Poor data quality creates material financial drag
IBM reports that more than a quarter of organizations estimate annual losses above USD 5 million due to poor data quality.
Most companies still lack a formal quality program
Microsoft notes that 75% of companies do not have a formal data quality program in place.
AI programs still get slowed by data issues
McKinsey highlights ongoing data quality issues as a recurring hurdle in gen AI delivery and scaling.
These figures support a simple reality: the commercial cost of poor data quality is already high, and the cost rises further when businesses try to scale reporting, automation, and AI on top of unstable data.
Sources used in this document: IBM Institute for Business Value / IBM Think (2025); Microsoft Security Community Blog (2025-2026); McKinsey & Company (2025). Full source links are listed at the end of this document.
The Problems We Typically See
The pattern is usually the same, regardless of company size: key information exists, but it is fragmented, inconsistent, and shaped by manual workarounds.

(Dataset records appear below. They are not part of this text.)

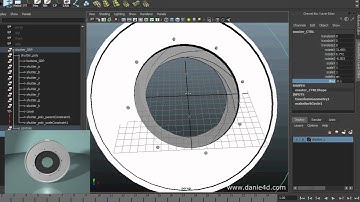 3D Optical Diaphragm, Camera Shutter - Maya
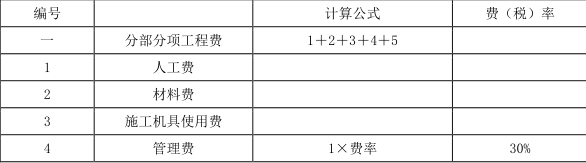 资产评估实务一,章节练习,基础复习,第四章不动产评估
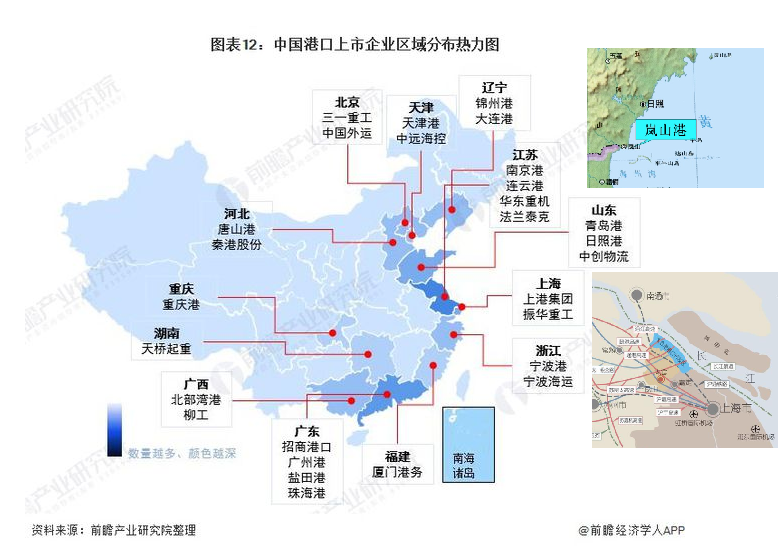 品种上新：原木现货与期货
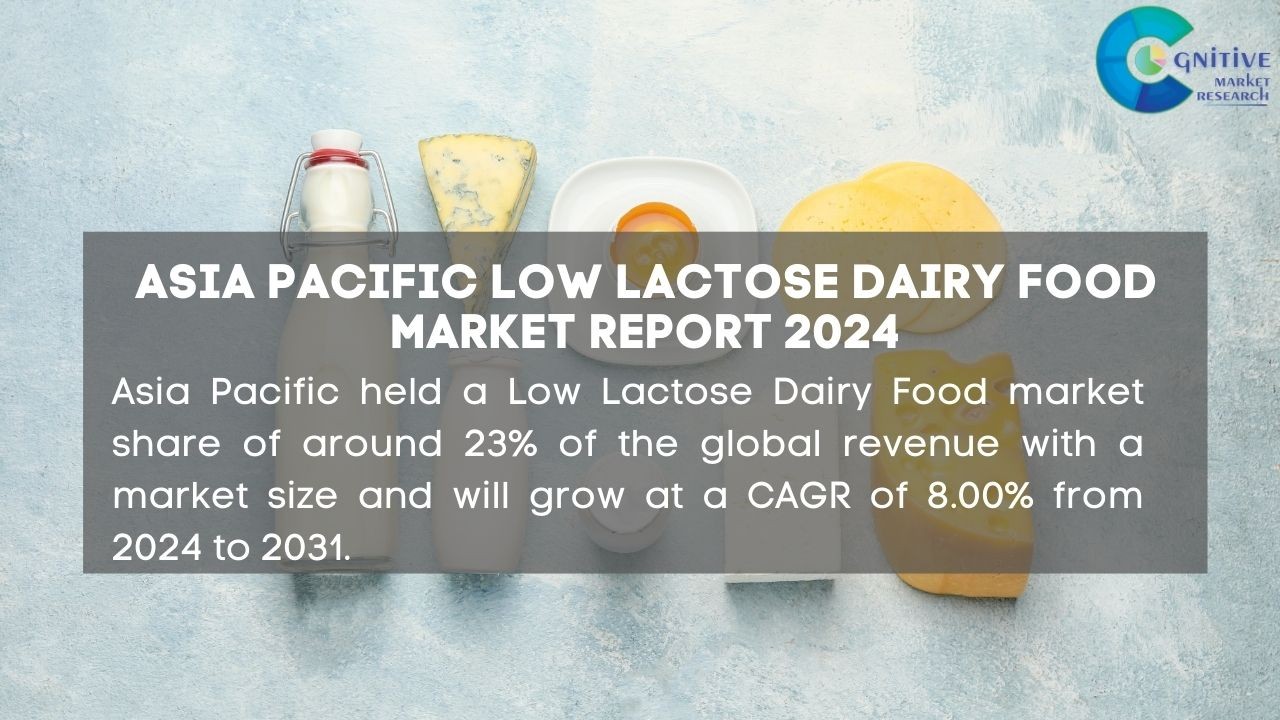 Asia Pacific Low Lactose Dairy Food Market Report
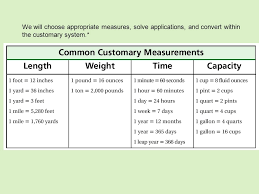 Working With The Customary System Customary Units Of Measure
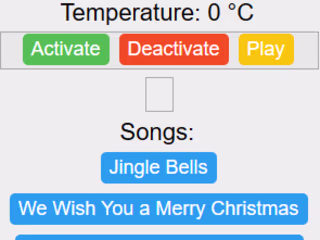 Electronic GIFT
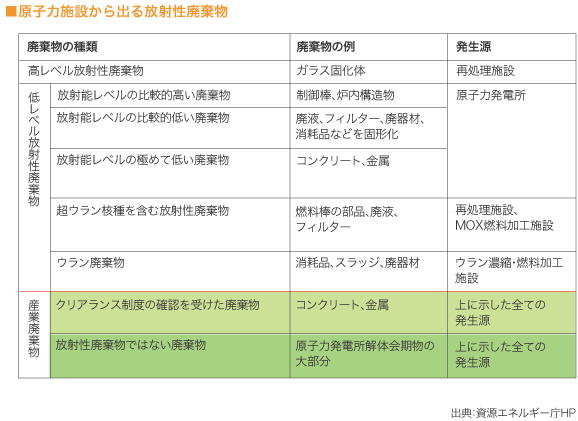 ■  原子力施設から出る放射性廃棄物　表組み　

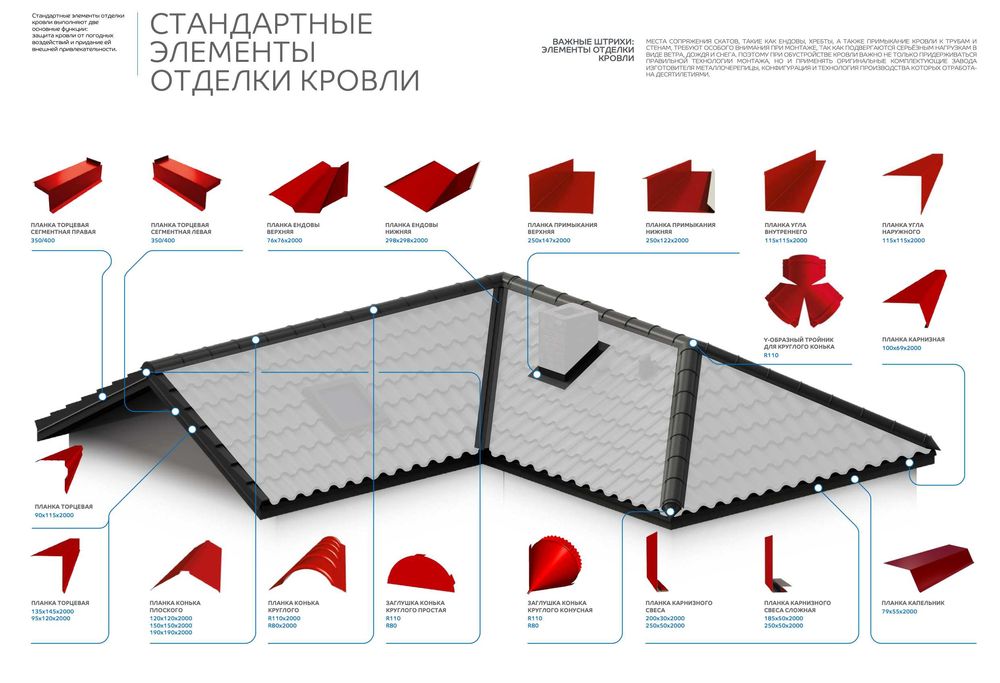 Проф лист, металлочерепица, металлический сайдинг, сэндвич панели.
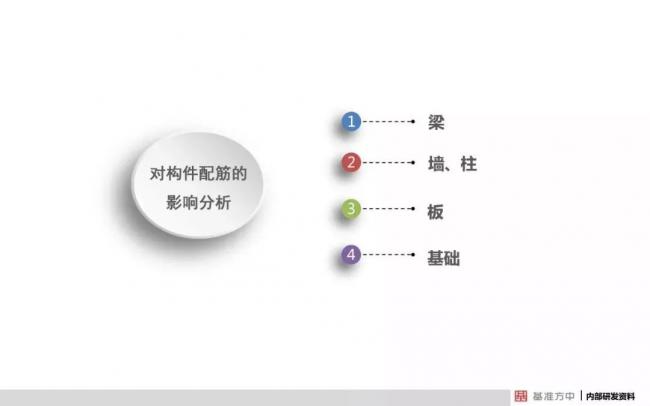 BIM与装配式|4月1日实施！《建筑结构可靠性设计统一标准》将影响设计、施工及造价！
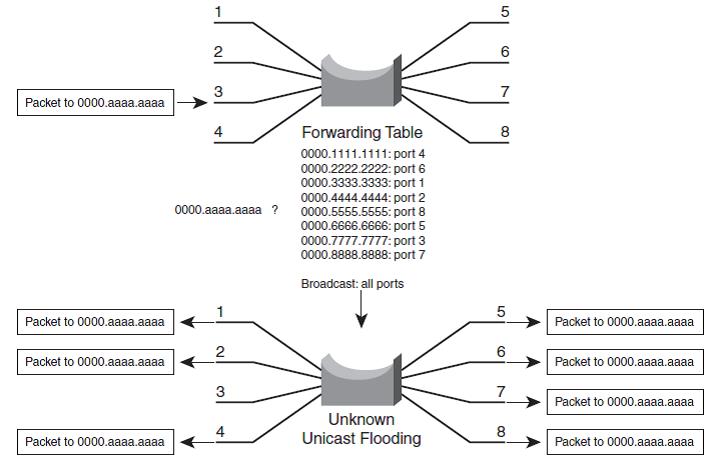 Unknow unicast flooding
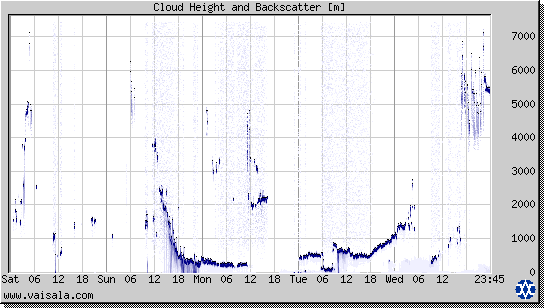 Cloud Height and Backscatter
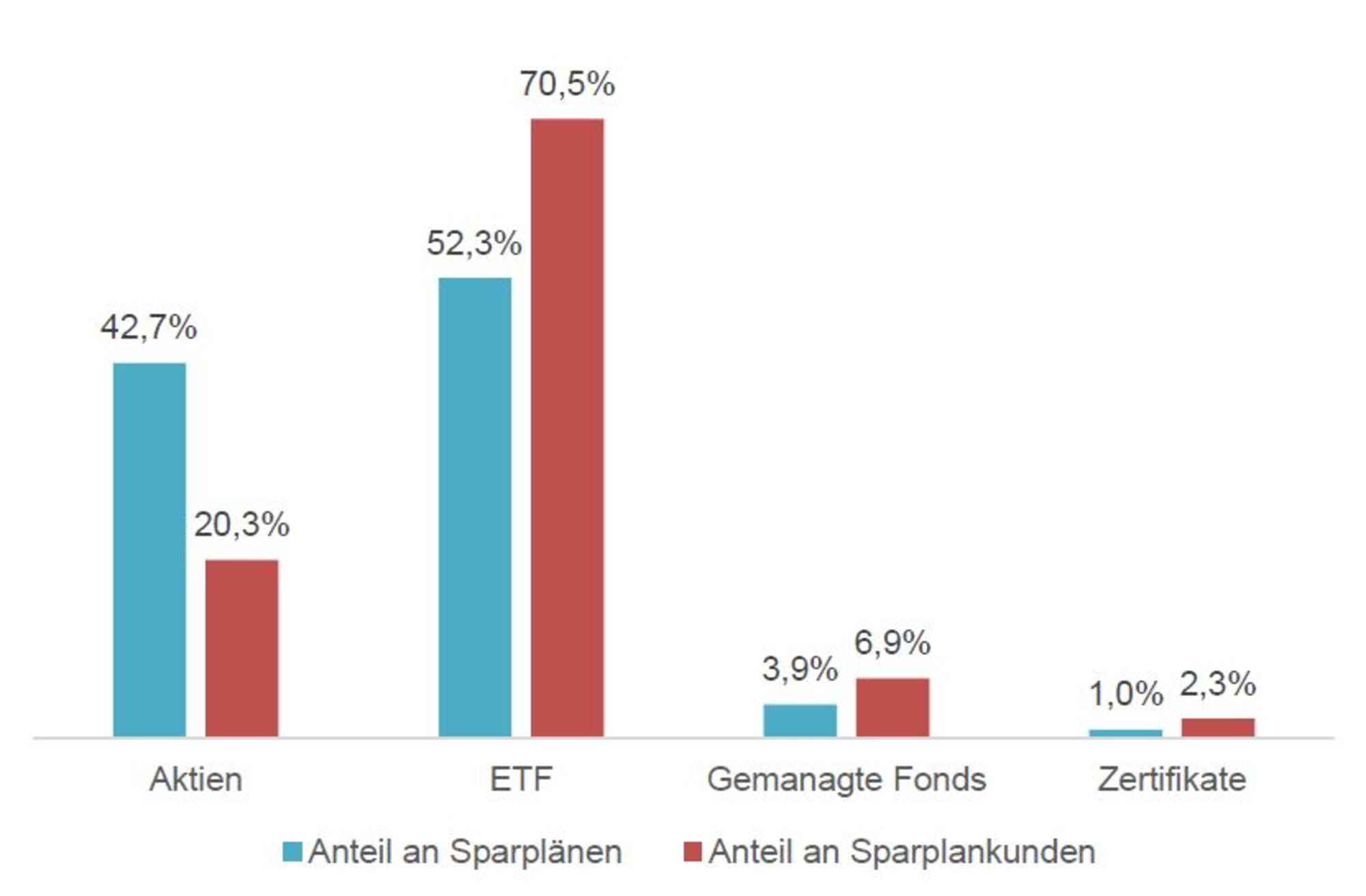 Grafik mit Anteilen von Kunden und Gattungen bei neu eröffneten Sparplänen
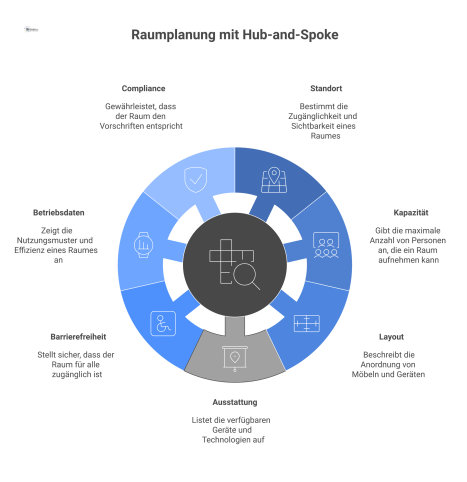 Ein Hub-and-Spoke-Diagramm zur Raumplanung. Im Zentrum steht die Eignung eines Raumes, verbunden mit sieben Kriterien wie Standort, Kapazität und Ausstattung.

That makes it hard to trust and even harder to reuse.
What a Strong Data Foundation Looks Like
A strong data foundation does not mean moving everything into one system for the sake of it. It means creating a controlled structure where the right data is centralized, modeled consistently, and kept clean enough for the business to use repeatedly. A practical working solution often includes:
Integrated source data
Relevant data from core systems is connected into one controlled environment rather than remaining split across disconnected tools and files.
A transformation layer
Raw system data is cleaned, renamed, mapped, and structured into usable business tables instead of being consumed directly in its messy source format.
Business-ready datasets
The output is not just technical storage. It is a set of trusted datasets aligned to business use cases such as sales performance, purchasing, stock, production, quality, or finance.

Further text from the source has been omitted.